French President Emmanuel Macron yesterday marked 75 years since the roundup of about 13,000 Jews to be sent to Nazi death camps, calling France’s responsibility a “stark truth” at a ceremony attended by Israeli Prime Minister Benjamin Netanyahu.
Speaking near the former site of the Velodrome d’Hiver, the indoor cycle track from which the Jews were deported in 1942, Macron said: “It is indeed France that organized” the roundup… Not a single German” took part.
Netanyahu’s presence at the ceremony sparked controversy, with the Union of French Jews for Peace (UJFP) calling the invitation “shocking” and “unacceptable.”
Photo: AP
The UJFP accused the Israeli government of “usurping the memory of the victims of Nazism to make people believe that Israel represents all the world’s Jews.”
Pro-Palestinian and other activists on Saturday protested Netanyahu’s appearance, criticizing Jewish settlement policy and the blockade of Gaza.
Macron called it a “natural gesture” to invite Netanyahu, but insisted in an interview published yesterday in the Journal du dimanche that he was “not trying to confuse the subject of the commemoration and Franco-Israeli relations.”
Yesterday’s ceremony marked the day when officials of the Vichy regime in Nazi-occupied France began rounding up 13,152 Jews and taking them to the Velodrome d’Hiver, an indoor cycle track in Paris. Fewer than 100 of those who were detained and then sent to the Nazi death camps survived.
Macron is the fourth French president to accept blame for France’s role in the deportations — which totaled more than 75,000 — since Jacques Chirac first did so in 1995.
“Time does its work,” Macron said. “Archives open [and] the truth comes out. It’s stark, irrevocable. It imposes itself on us all.”
Netanyahu hailed the “special heroism” of the French resistance to the Nazis, praising the “noble French citizens who at great risk to their own lives” saved thousands more Jews from perishing in the death camps where at least 6 million would die overall between 1941 and 1945.
“For the sacred honor of those who perished ... let us remember the past, let us secure tomorrow,” he said. “The strength of Israel is that it is the one certain guarantee that the Jewish people will never undergo a Holocaust again.”
Among the other speakers yesterday were prominent French Nazi hunter Serge Klarsfeld and Pierre-Francois Veil, son of Holocaust survivor and rights icon Simone Veil, who died late last month aged 89.
Netanyahu’s visit is the first since he joined a massive march in Paris attended by world leaders for the victims of the January 2015 terror attacks on the Charlie Hebdo magazine and a Jewish supermarket.

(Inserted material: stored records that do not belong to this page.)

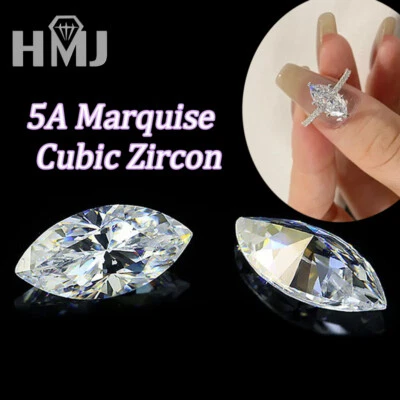 Piedra preciosa de circonita cúbica 100 piezas 3x6 ~ 10x20 mm forma de marquesa blanca suelta circonita cúbica AAAAA Foto 1 de 4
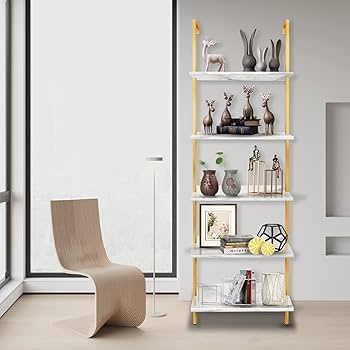 Amazon.com: aboxoo Ladder Shelf 2PCS White Marble Bookshelf 5-Tier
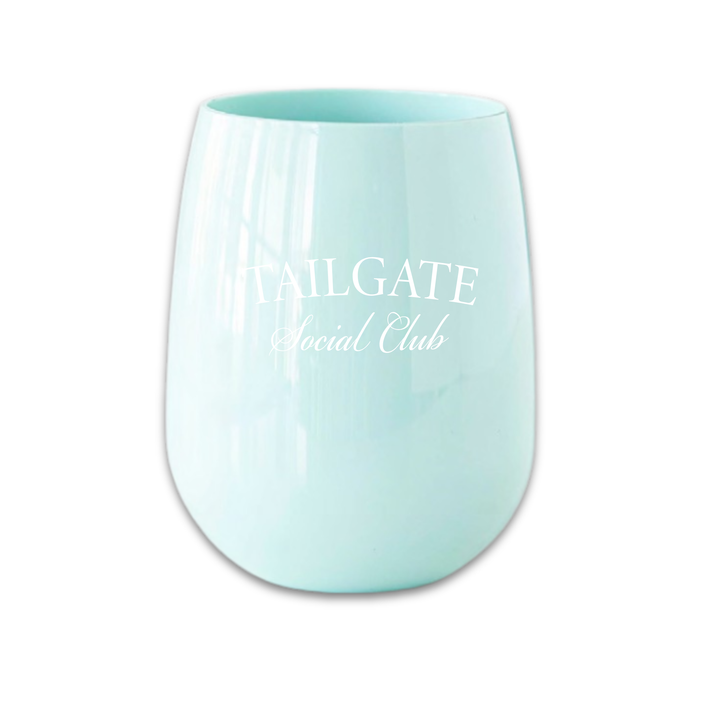 "Tailgate Social Club" Stemless Wine - Choose Your Color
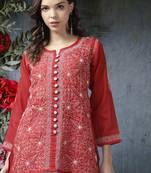 Women Hand Embroidered Red Cotton Lucknowi Chikankari Short Kurti With Zari Work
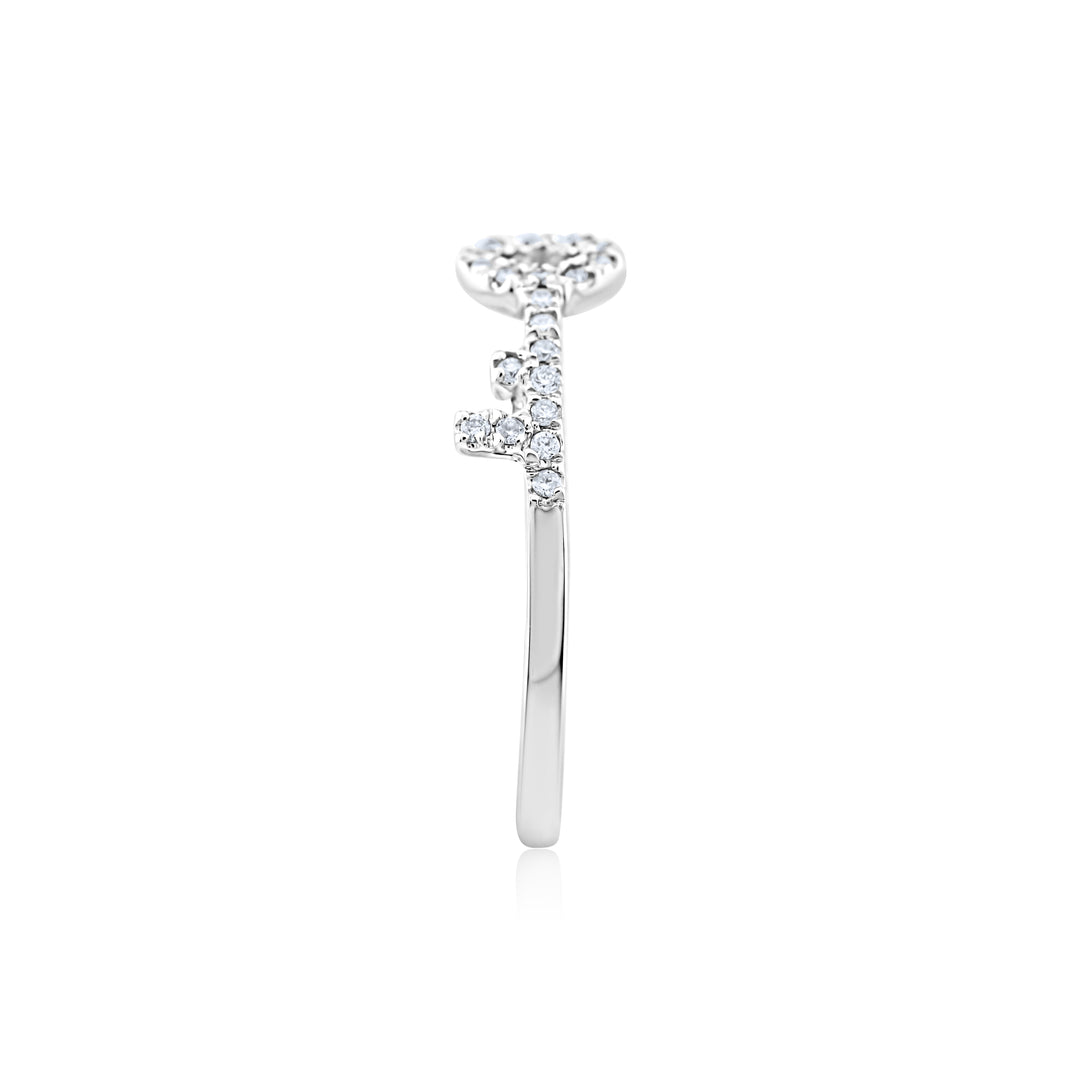 14K White Gold Diamond Key Band 1/10 Ct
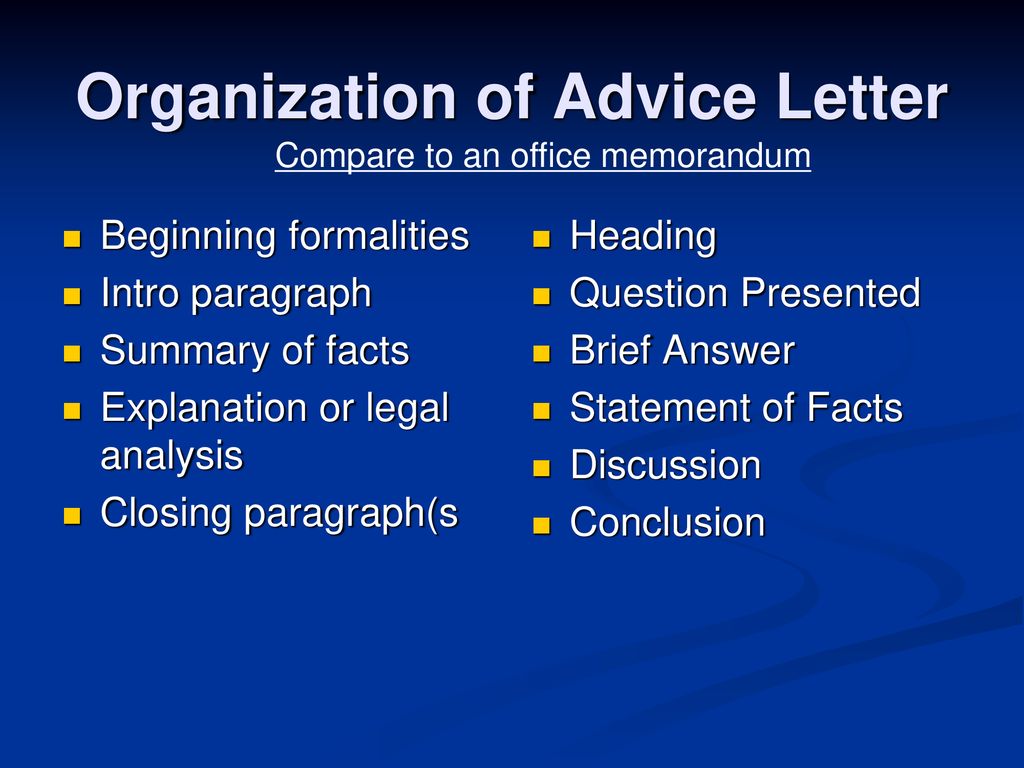 Organization of Advice Letter
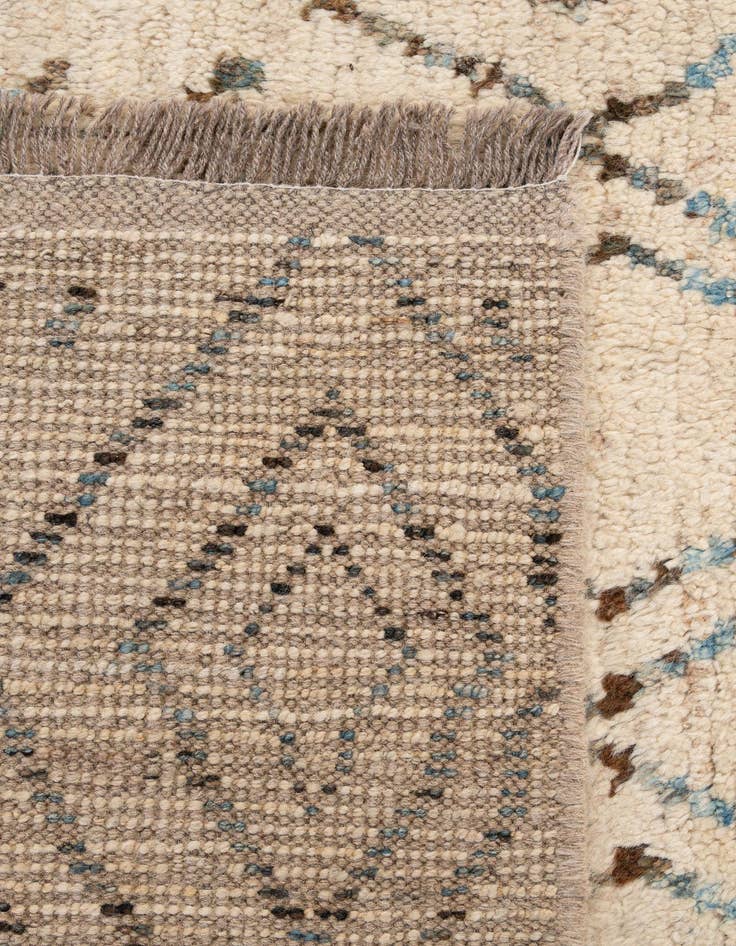 Detail image of  6' 8 x 9' 5  Hand Knotted Moroccan Wool Rug
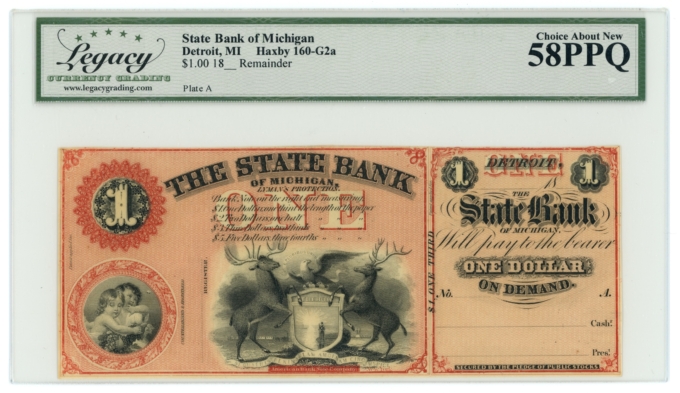 18XX State Bank of Michigan Detroit MI $1 Obsolete LCG AU58 PPQ (65315)
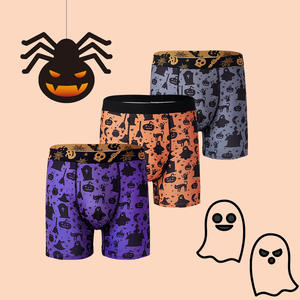 กางเกงชั้นในบ็อกเซอร์ยาวสำหรับผู้ชายชุดชั้นในเอวยางยืดสำหรับฮาโลโก้แบบถักระบายอากาศได้ชุดชั้นในพิมพ์ลายโพลีเอสเตอร์ - Product Image 2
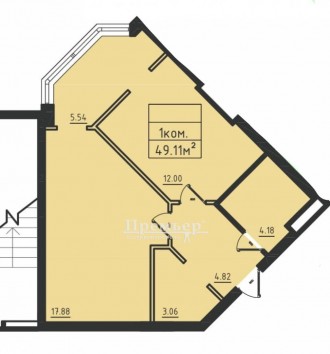 Продаж однокімнатної квартири в ЖК Авіньйон. Вільне планування, висота стелі 3 м. . фото 8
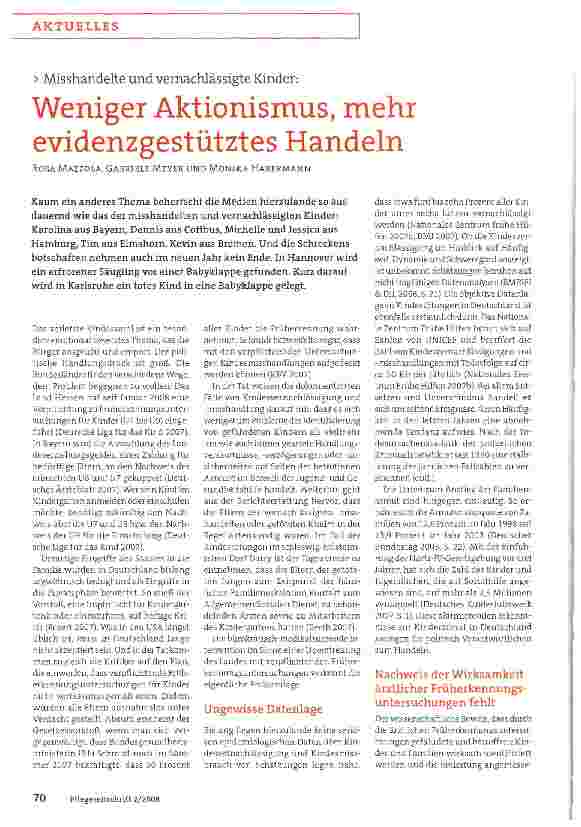 Vorschauseite 1: Weniger Aktionismus, mehr evidenzgestütztes Handeln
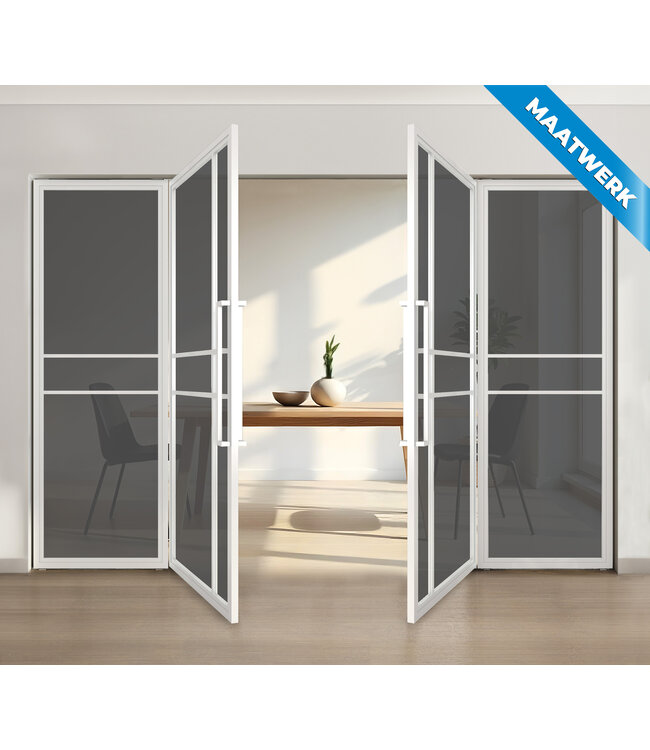 Dubbele stalen taatsdeur met glaspaneel, 6 vlaks, wit, helder glas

Macron and Netanyahu held talks later in the day, four days after he met with Palestinian President Mahmud Abbas and reiterated France’s support for a two-state solution to end the Middle East conflict.
In related news, Israel yesterday reopened the Haram al-Sharif compound, known to Jews as the Temple Mount, which was closed on Friday after two Israeli policemen were killed nearby and the attackers fled into the compound.
A number of visitors initially entered the compound, but when a call to prayer rang out from al-Aqsa mosque inside, Muslim worshippers held midday prayers outside the site to protest the new security measures, which include metal detectors and cameras.